Highest point
- Elevation: 2,330 m (7,640 ft)
- Prominence: 20 m (66 ft)
- Parent peak: Mount Meringue
- Coordinates: 62°06′33″N 127°41′13″W﻿ / ﻿62.1092°N 127.687°W

Geography
- Country: Canada
- Territory: Northwest Territories
- Parent range: Mackenzie Mountains
- Topo map: NTS 95L4 Mount Sir James MacBrien

Climbing
- First ascent: July 4, 1960 Bill Buckingham and party

= Huey Spires =

Mountain in Canada

The Huey Spires are a series of three peaks in the Cirque of the Unclimbables, Northwest Territories, Canada. The peaks are on a ridge 2 kilometers to the northeast of Mount Meringue, their parent, and have a maximum elevation of 2330 meters.

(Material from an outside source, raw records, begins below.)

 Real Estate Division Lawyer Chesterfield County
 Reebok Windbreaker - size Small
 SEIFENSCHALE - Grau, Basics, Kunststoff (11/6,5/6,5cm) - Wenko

The spires do not have individual names, but are referred to by climbers as the East, Middle, and West spires.

==Climbing history==
Of the three spires, the Middle and East spires were the first to be climbed by the Bill Buckingham party in the summer of 1960. The West Spire remained unclimbed for another fifteen years until it was summitted by Ruedi Hormberger, Hans Ueli Brunner, and Paul Muggli in 1975. In the decades since, many new routes have been established on the spires including Riders on the Storm and Don't Panic It's Organic on the East spire and Power of Silence on the Middle Spire.